#### Work order:
Transcribe the data as written, minus images.

*** Material for this task Section Begins ***

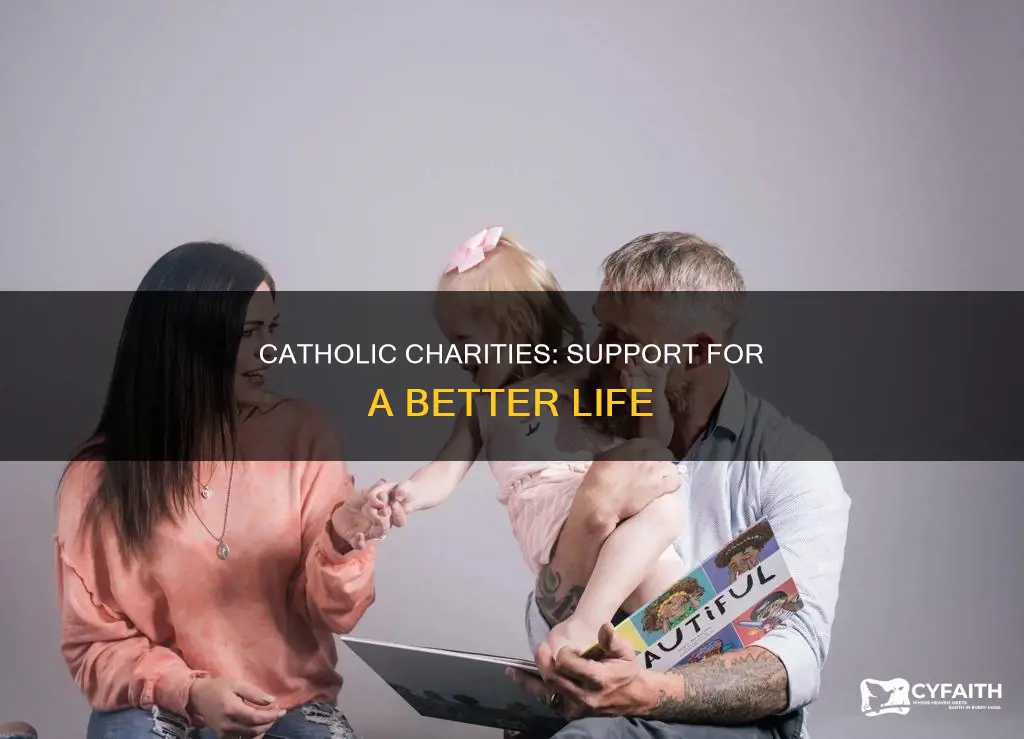 what does catholic charities help with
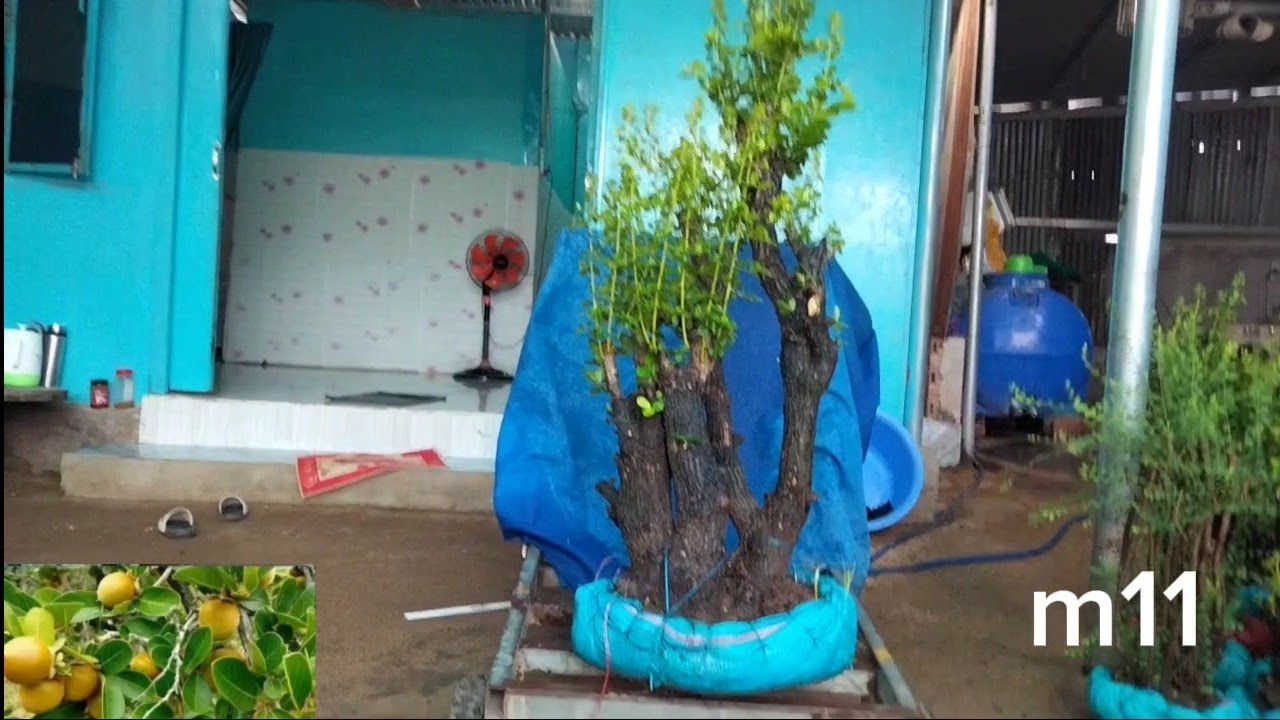 28/2 glae cẩm thị đt 0971.631.433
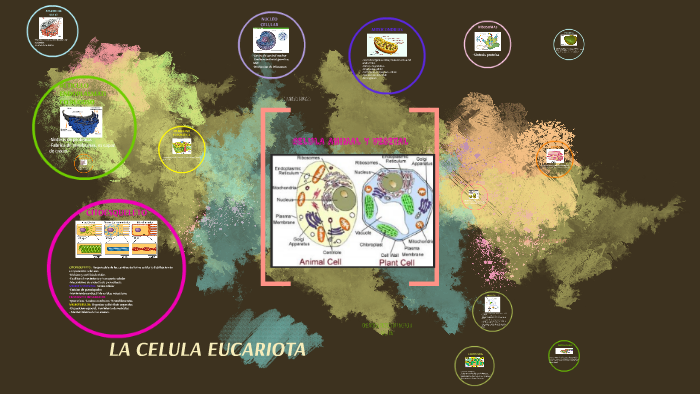 La Celula by Veronica Enriquez on Prezi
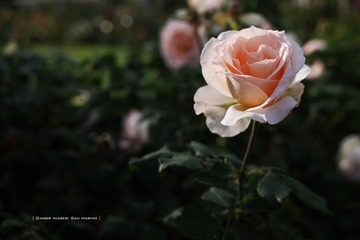 P1260819t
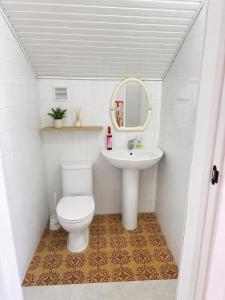 a bathroom with a toilet and a sink at Chkalovka Guest House With Sevan View in Sevan +118 photos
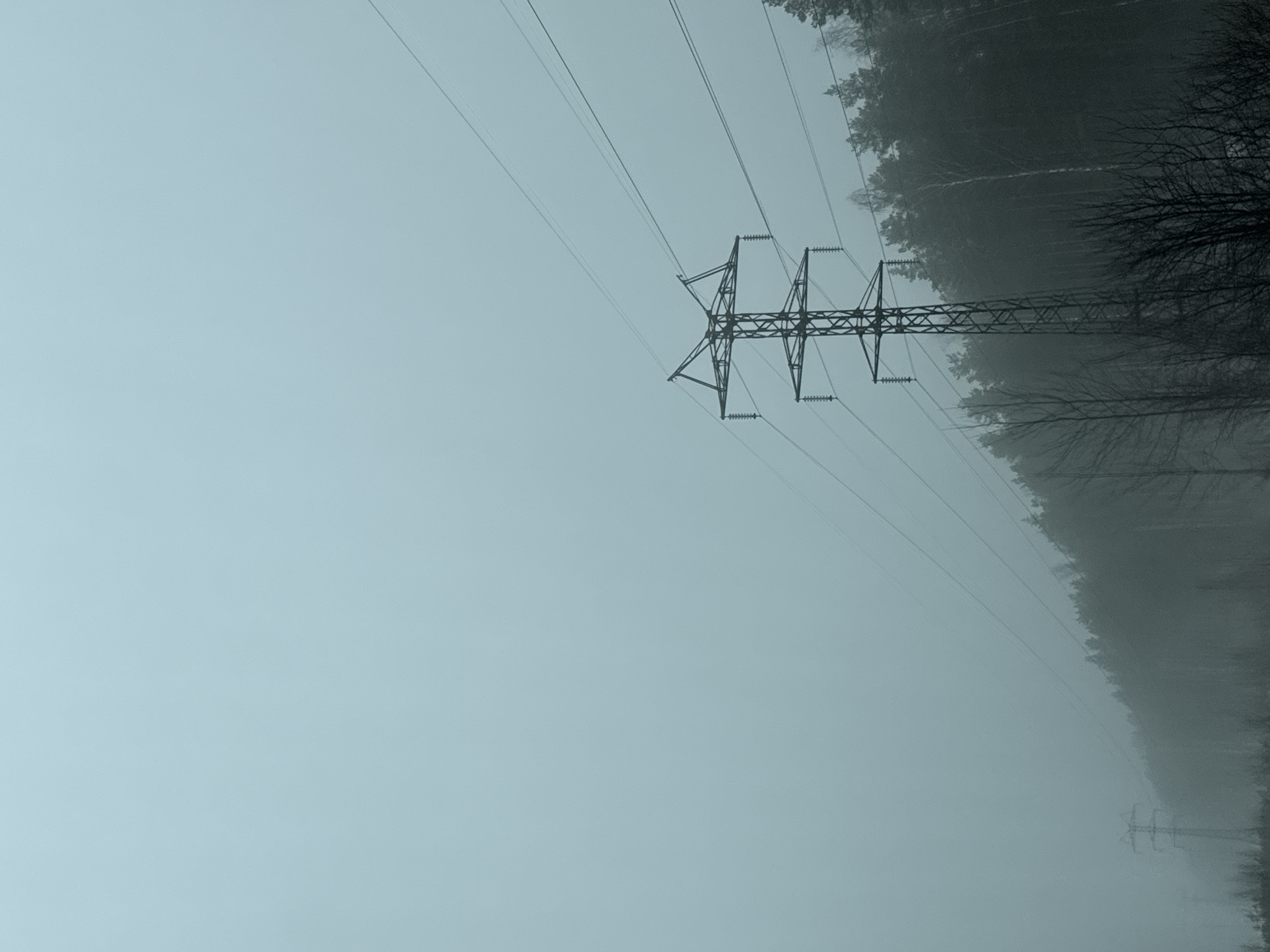 The image depicts an overcast scene of power lines and towers traversing a forest area, possibly in Novyi, Russia. The sky is a uniform pale blue, indicating a heavy layer of cloud cover or fog. A metal power line tower stands prominently, its lattice structure clearly visible, supporting several high-tension wires that stretch across the frame. The wires lead into a dense, dark forest, the trees of which are shrouded in mist, obscuring their details. Another power line tower is faintly visible further into the background. The scene conveys a sense of isolation and industrial encroachment into nature. There are no people visible in the image.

*** Material for this task Section Ends ***

#### Output for this exercise:
 what does catholic charities help with
 28/2 glae cẩm thị đt 0971.631.433
 La Celula by Veronica Enriquez on Prezi
 P1260819t
 a bathroom with a toilet and a sink at Chkalovka Guest House With Sevan View in Sevan +118 photos
 The image depicts an overcast scene of power lines and towers traversing a forest area, possibly in Novyi, Russia. The sky is a uniform pale blue, indicating a heavy layer of cloud cover or fog. A metal power line tower stands prominently, its lattice structure clearly visible, supporting several high-tension wires that stretch across the frame. The wires lead into a dense, dark forest, the trees of which are shrouded in mist, obscuring their details. Another power line tower is faintly visible further into the background. The scene conveys a sense of isolation and industrial encroachment into nature. There are no people visible in the image.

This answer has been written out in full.